Consequentially, there has been a split in the gaming culture among gamers; there are those who consider themselves “real” or “hardcore” gamers, who have been gaming on consoles and PC for years. On the other hand are the new crop of “casual” gamers, who are simply looking for a few minutes of breezy fun. This split has been accelerated by the behemoths of mobile gaming, including games like Angry Birds, Fruit Ninja, Candy Crush, and Clash of Clans.
While many gamers dismiss – even attack – this newer subculture, I think these games, and the people who play them, are an important part of the gaming industry, and are even advantageous to gaming on the whole. I’m aware that this is a controversial opinion, so I’m going to try to explain this position with a game that has seen massive success, particularly in India – Clash of Clans.
Why Clash of Clans
Clash of Clans, or CoC as it’s popularly called, epitomizes the ‘freemium’, social gaming model. It offers you the choice of dropping in and ‘playing’ for a couple of minutes, thanks to a clean interface and great visuals, or investing long periods in building up your territory, helping fellow ‘clanmates’ that you build up through social media, and waging war on enemy turf. Basically, if you’re a casual gamer with a couple minutes to spare every few hours, CoC has got you hook, line and sinker. From there on, the lure of incremental rewards, provided you keep grinding, ensures players stay back to build up their clans and grow the playerbase steadily.
So how does a game that apparently caters to the widest gaming demographic compare with bigger, fancier games? Simply put, it doesn’t. And asking that question is a mistake many hardcore gamers make when attempting to deride Clash of Clans and its kind. At its core, CoC is not intended to provide a gaming experience, as much as a carrot-on-a-stick system of rewards. But it can be a gateway. CoC is a cash cow, sure, but it’s the hamburger before the nice, juicy steak that is PC and console gaming. And there’s a bunch of reasons why this transition is very much a possibility.

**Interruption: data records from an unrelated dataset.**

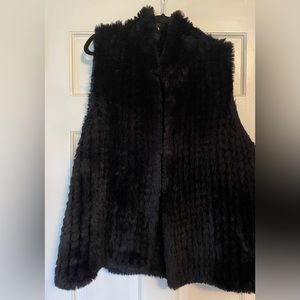 Aqua Faux Fur Vest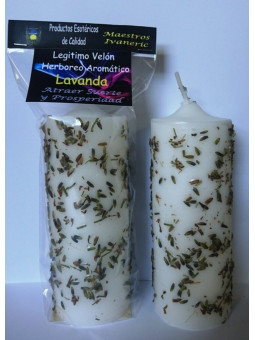 Legitime krautige und aromatische Lavendelkerze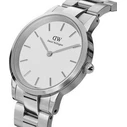 Daniel Wellington Iconic Link Γυναικείο Ρολόι 36mm Ασημί Ατσάλινο Μπρασελέ DW00100203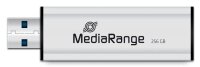 MediaRange USB-Stick schwarz, silber 256 GB, 1 St.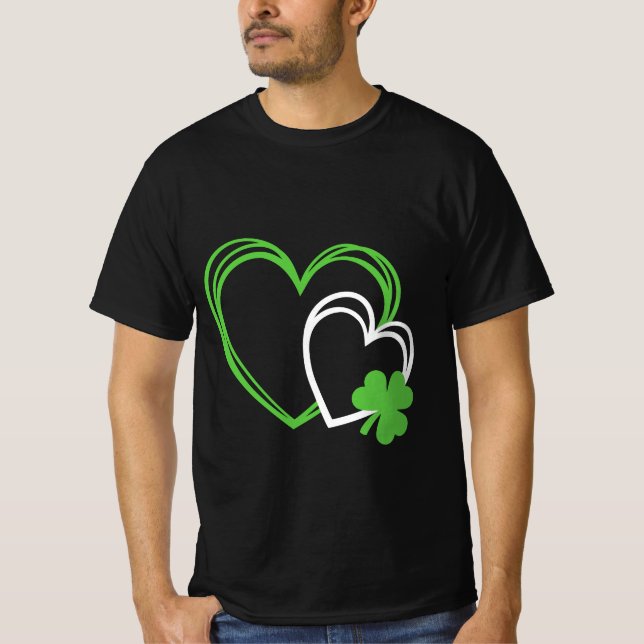 T-shirt Jour de la Saint Patrick cardiaque (Devant)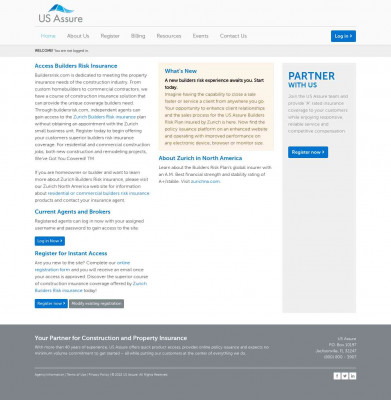 Log in - Zurich Builders Risk - US Assure Log in - Zurich Builders Risk - US Assure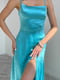Платье А-силуэта голубое | 6260404 | фото 3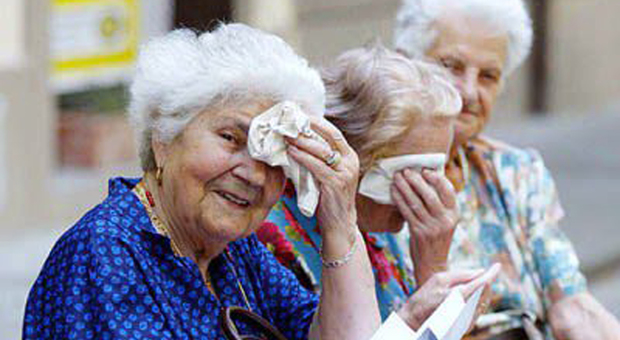 Allarme afa per gli anziani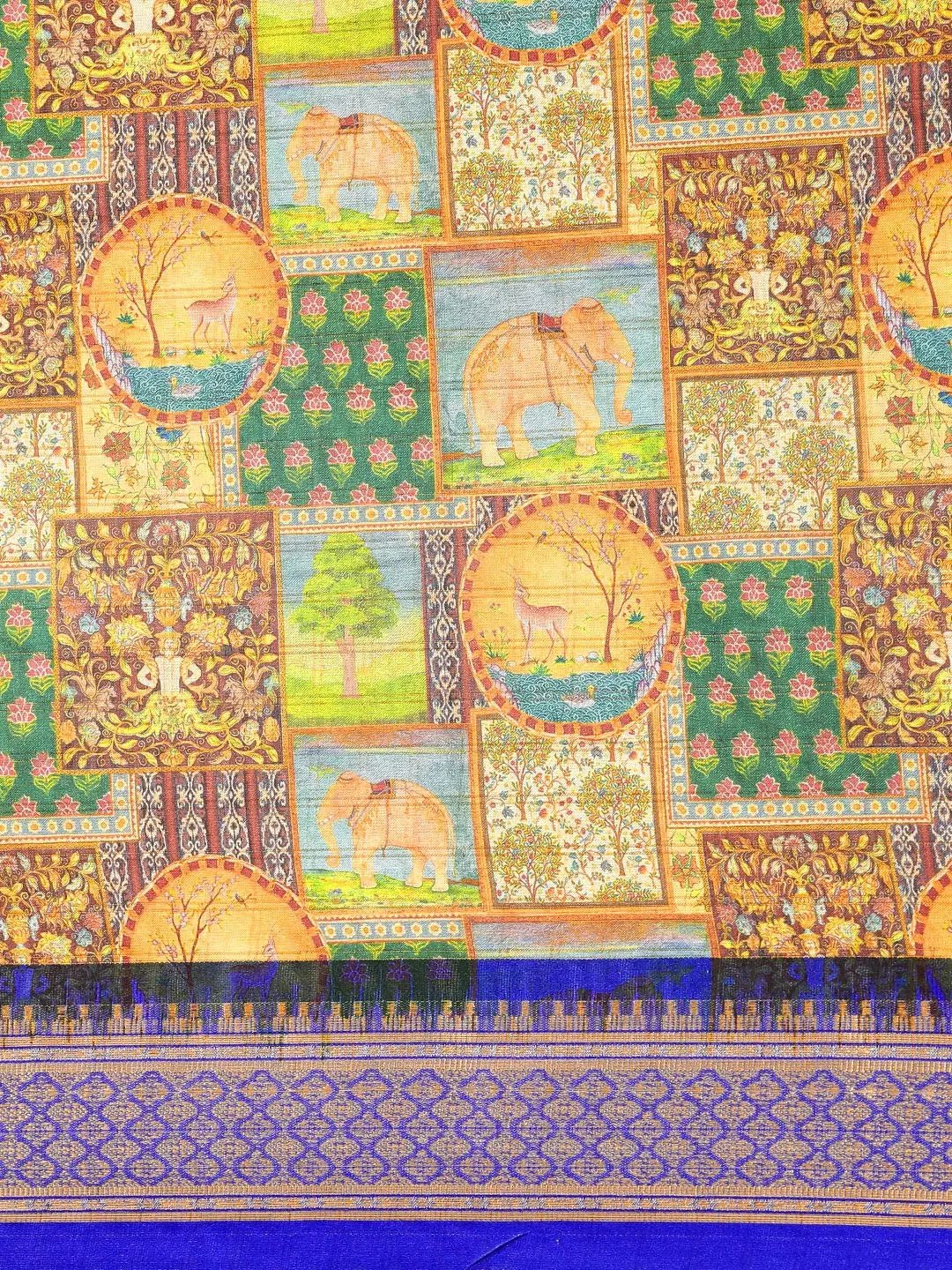 Latest Kalamkari Digital Print Uppada Silk Saree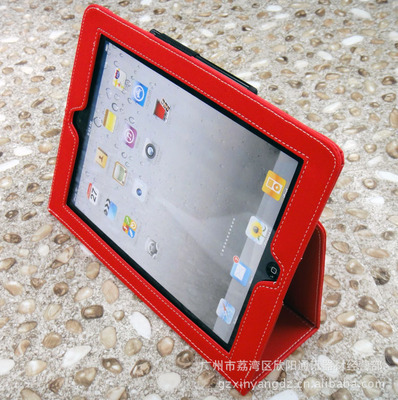【ipad3 布紋背插保護套 帶觸筆 蘋果三代保護套配件】價格,廠家,圖片,數碼保護套/保護殼,廣州市荔灣區欣陽通訊器材經營部-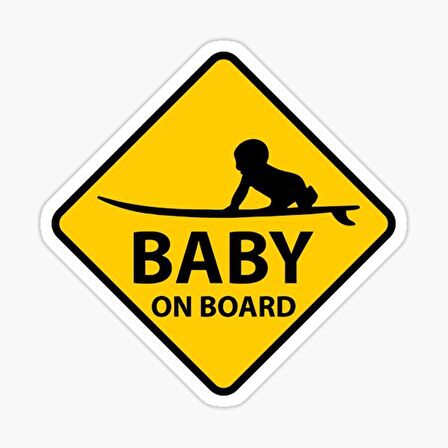 Araçta bebek var Baby On Board Sticker Yapıştırma 19CM md4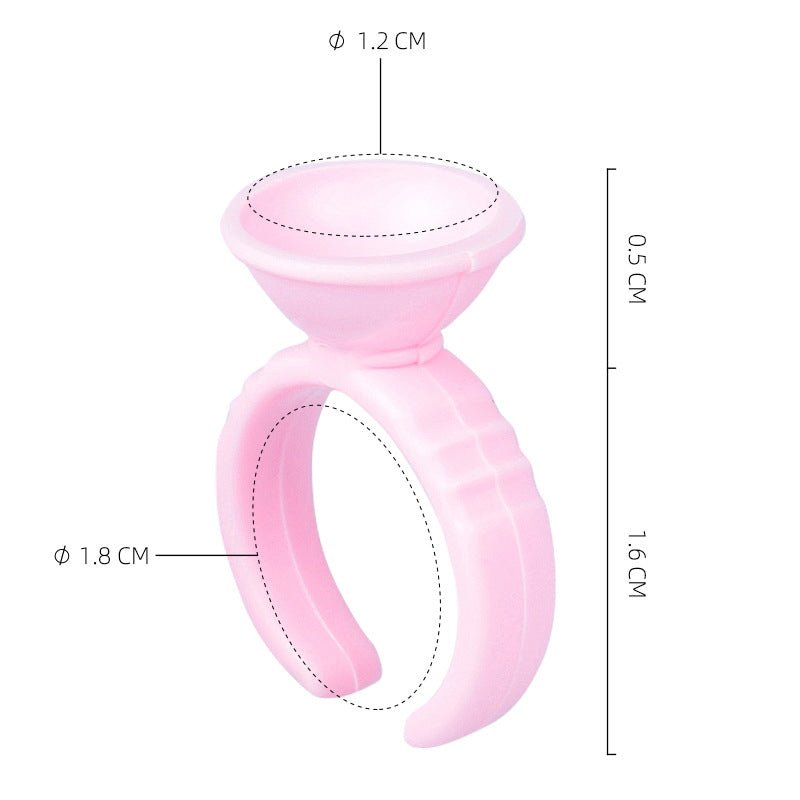 100pcs/bag Glue Ring Holder for Eyelash Extensions - Image 3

Clash of Clans represents a base-building strategy game stripped down to the bare essentials. The resources involved, fold and elixir, are used to build your base, construct defences, and train your troops. These troops are then sent out to battle other settlements to gain more resources, thus building up your base into a formidable fortress to fend off other clans’ attacks. Sound familiar? CoC follows a tried-and-tested formula that takes elements from several turn-based and real-time strategy games, such as Age of Empires and Commands and Conquer, and removes the bells and whistles to provide a beginner-friendly game. So while CoC players might only have a simplistic understanding of the genre, they’ve grown accustomed to, even mastered, that form of gameplay. The next step then, is to make the crossover into hardcore gaming with the skills they’ve acquired from CoC. With, hopefully , some help, which brings me to my next point
Sense of Community
Us hardcore gamers need to encourage these casual players to explore the incredible world of gaming that we’ve grown to love. Too many of us have quite the dismissive attitude when it comes to these gamers, which might discourage them from really getting into the games we play. Too often do we troll gamers who might be new to a game or even a genre, blaming them for “dumbed-down” games. Instead, helping casual gamers through that start will give them a foothold in the gaming culture, and then they’ll figure out the better games for themselves. And once they’re in, they simply won’t leave (trust me).
Once we get them started, the massive CoC player base could actually have a huge impact on the industry. Owing to the social base of the game, there is a serious, established community behind CoC, evident by Facebook pages such as Lost Phoenix Clash of Clans, and Youtubers such as PlayClashOfClans and Godson.
Although Supercell doesn’t release official figures, the number of CoC players are expected to be in the hundreds of millions. If even a tenth of these players are intrigued enough by CoC’s core mechanics, there is a good possibility of them wanting to explore more traditional games, as I explained before.
As I’ve hopefully made clear, Clash of Clans players are far from an unimportant part of the gaming community. These are millions of players that can, and should, be welcomed into the gaming culture, and encouraged to be even more expansive and active members.
But this is just the start. As with CoC, there are several more games and attached casual gamers who could, one day, be a part of this evolving and growing phenomenon that is gaming, a medium of entertainment that truly embodies the values of modern day culture by mixing science and art into one thing. Let’s make sure we’re there to show them the way.